§ DIRECTIONS FOR THIS TASK
Search the material for "photo" and copy each line in which it is found.

╭──

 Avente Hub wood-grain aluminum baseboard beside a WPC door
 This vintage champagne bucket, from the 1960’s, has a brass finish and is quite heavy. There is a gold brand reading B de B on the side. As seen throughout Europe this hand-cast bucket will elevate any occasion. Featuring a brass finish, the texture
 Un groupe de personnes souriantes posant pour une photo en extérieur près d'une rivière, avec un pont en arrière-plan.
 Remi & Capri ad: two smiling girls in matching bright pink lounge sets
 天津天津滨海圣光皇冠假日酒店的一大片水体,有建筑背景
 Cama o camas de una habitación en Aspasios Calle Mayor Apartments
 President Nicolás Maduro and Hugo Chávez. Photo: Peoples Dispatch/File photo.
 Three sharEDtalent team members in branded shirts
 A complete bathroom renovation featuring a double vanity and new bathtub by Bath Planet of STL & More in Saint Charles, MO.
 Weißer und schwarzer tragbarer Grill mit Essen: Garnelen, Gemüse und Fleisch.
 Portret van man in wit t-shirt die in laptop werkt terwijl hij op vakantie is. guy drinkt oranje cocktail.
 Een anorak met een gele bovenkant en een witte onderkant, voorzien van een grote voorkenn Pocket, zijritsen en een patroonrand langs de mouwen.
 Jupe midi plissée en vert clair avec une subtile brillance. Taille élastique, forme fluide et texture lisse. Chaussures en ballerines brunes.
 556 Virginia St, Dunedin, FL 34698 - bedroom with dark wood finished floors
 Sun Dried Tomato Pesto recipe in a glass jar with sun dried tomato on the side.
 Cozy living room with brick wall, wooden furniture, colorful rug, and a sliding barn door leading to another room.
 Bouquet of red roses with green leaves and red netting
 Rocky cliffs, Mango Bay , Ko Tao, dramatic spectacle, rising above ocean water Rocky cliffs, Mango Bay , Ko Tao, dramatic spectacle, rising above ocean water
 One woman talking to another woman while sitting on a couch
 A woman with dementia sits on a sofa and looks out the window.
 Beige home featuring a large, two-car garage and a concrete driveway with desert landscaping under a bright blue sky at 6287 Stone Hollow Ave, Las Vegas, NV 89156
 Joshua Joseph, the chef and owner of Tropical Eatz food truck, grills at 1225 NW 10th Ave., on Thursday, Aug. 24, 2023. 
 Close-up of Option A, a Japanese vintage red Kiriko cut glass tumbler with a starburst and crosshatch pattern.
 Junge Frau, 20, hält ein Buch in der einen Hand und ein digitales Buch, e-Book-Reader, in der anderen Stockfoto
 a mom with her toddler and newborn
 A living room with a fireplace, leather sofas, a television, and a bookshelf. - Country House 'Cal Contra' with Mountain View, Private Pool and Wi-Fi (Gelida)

╰──

§ ANSWER FOR THIS EXERCISE
 Un groupe de personnes souriantes posant pour une photo en extérieur près d'une rivière, avec un pont en arrière-plan.
 President Nicolás Maduro and Hugo Chávez. Photo: Peoples Dispatch/File photo.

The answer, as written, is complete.